## [THE INPUT]
-------------------------

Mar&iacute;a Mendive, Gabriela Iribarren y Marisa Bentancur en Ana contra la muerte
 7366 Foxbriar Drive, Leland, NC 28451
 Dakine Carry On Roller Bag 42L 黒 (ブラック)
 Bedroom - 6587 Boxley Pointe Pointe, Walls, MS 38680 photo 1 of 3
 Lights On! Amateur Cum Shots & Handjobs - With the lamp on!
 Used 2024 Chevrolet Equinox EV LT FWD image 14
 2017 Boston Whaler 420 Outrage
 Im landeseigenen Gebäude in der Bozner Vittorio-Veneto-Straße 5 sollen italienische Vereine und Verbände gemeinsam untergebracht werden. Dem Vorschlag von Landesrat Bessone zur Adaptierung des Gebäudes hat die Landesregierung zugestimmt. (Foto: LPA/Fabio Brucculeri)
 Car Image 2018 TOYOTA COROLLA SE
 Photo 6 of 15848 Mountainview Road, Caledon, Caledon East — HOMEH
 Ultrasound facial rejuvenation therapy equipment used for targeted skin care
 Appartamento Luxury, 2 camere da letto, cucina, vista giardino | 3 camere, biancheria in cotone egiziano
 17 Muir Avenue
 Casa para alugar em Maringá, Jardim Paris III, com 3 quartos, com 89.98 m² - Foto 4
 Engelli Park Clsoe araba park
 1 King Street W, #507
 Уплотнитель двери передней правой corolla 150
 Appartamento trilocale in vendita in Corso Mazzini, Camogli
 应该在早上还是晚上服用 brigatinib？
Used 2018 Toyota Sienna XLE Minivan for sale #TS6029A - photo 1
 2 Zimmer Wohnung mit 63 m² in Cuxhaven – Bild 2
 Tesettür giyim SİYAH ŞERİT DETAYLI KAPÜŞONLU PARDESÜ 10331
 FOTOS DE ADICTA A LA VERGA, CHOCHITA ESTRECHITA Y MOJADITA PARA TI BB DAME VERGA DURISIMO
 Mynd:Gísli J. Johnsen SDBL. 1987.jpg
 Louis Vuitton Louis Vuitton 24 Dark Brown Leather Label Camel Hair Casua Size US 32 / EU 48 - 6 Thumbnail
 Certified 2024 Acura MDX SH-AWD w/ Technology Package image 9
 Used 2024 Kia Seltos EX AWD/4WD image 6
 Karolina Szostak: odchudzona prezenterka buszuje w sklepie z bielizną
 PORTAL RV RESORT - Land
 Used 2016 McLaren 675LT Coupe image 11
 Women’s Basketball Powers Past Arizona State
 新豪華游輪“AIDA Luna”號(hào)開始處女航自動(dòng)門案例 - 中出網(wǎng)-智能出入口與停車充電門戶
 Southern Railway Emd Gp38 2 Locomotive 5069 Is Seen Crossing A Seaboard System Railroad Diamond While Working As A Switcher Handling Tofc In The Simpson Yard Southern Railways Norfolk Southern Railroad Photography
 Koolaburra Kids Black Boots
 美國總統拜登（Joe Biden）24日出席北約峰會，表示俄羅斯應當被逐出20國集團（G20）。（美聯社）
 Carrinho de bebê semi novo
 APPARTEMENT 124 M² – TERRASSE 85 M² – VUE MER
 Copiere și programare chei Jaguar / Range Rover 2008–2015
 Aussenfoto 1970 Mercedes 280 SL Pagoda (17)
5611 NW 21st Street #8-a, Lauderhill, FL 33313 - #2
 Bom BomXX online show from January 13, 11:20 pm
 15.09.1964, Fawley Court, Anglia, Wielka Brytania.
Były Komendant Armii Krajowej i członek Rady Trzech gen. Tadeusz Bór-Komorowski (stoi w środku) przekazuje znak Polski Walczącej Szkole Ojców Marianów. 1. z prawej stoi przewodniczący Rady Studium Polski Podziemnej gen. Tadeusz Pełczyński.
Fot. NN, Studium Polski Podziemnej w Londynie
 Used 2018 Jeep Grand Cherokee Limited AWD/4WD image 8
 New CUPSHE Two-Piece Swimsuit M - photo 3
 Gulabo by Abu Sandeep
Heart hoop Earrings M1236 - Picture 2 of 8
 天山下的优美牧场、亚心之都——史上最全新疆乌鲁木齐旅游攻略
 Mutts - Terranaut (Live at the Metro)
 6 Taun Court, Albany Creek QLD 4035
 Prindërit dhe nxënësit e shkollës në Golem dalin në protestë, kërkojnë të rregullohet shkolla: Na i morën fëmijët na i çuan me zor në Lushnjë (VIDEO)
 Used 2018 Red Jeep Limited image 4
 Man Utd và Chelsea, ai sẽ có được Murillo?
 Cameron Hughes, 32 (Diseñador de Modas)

-------------------------

## [DIRECTIONS]
Retype the records above exactly, from their first line through the line that contains "Certified 2024 Acura", and stop there.

## [RESPONSE TO THE TASK]
Mar&iacute;a Mendive, Gabriela Iribarren y Marisa Bentancur en Ana contra la muerte
 7366 Foxbriar Drive, Leland, NC 28451
 Dakine Carry On Roller Bag 42L 黒 (ブラック)
 Bedroom - 6587 Boxley Pointe Pointe, Walls, MS 38680 photo 1 of 3
 Lights On! Amateur Cum Shots & Handjobs - With the lamp on!
 Used 2024 Chevrolet Equinox EV LT FWD image 14
 2017 Boston Whaler 420 Outrage
 Im landeseigenen Gebäude in der Bozner Vittorio-Veneto-Straße 5 sollen italienische Vereine und Verbände gemeinsam untergebracht werden. Dem Vorschlag von Landesrat Bessone zur Adaptierung des Gebäudes hat die Landesregierung zugestimmt. (Foto: LPA/Fabio Brucculeri)
 Car Image 2018 TOYOTA COROLLA SE
 Photo 6 of 15848 Mountainview Road, Caledon, Caledon East — HOMEH
 Ultrasound facial rejuvenation therapy equipment used for targeted skin care
 Appartamento Luxury, 2 camere da letto, cucina, vista giardino | 3 camere, biancheria in cotone egiziano
 17 Muir Avenue
 Casa para alugar em Maringá, Jardim Paris III, com 3 quartos, com 89.98 m² - Foto 4
 Engelli Park Clsoe araba park
 1 King Street W, #507
 Уплотнитель двери передней правой corolla 150
 Appartamento trilocale in vendita in Corso Mazzini, Camogli
 应该在早上还是晚上服用 brigatinib？
Used 2018 Toyota Sienna XLE Minivan for sale #TS6029A - photo 1
 2 Zimmer Wohnung mit 63 m² in Cuxhaven – Bild 2
 Tesettür giyim SİYAH ŞERİT DETAYLI KAPÜŞONLU PARDESÜ 10331
 FOTOS DE ADICTA A LA VERGA, CHOCHITA ESTRECHITA Y MOJADITA PARA TI BB DAME VERGA DURISIMO
 Mynd:Gísli J. Johnsen SDBL. 1987.jpg
 Louis Vuitton Louis Vuitton 24 Dark Brown Leather Label Camel Hair Casua Size US 32 / EU 48 - 6 Thumbnail
 Certified 2024 Acura MDX SH-AWD w/ Technology Package image 9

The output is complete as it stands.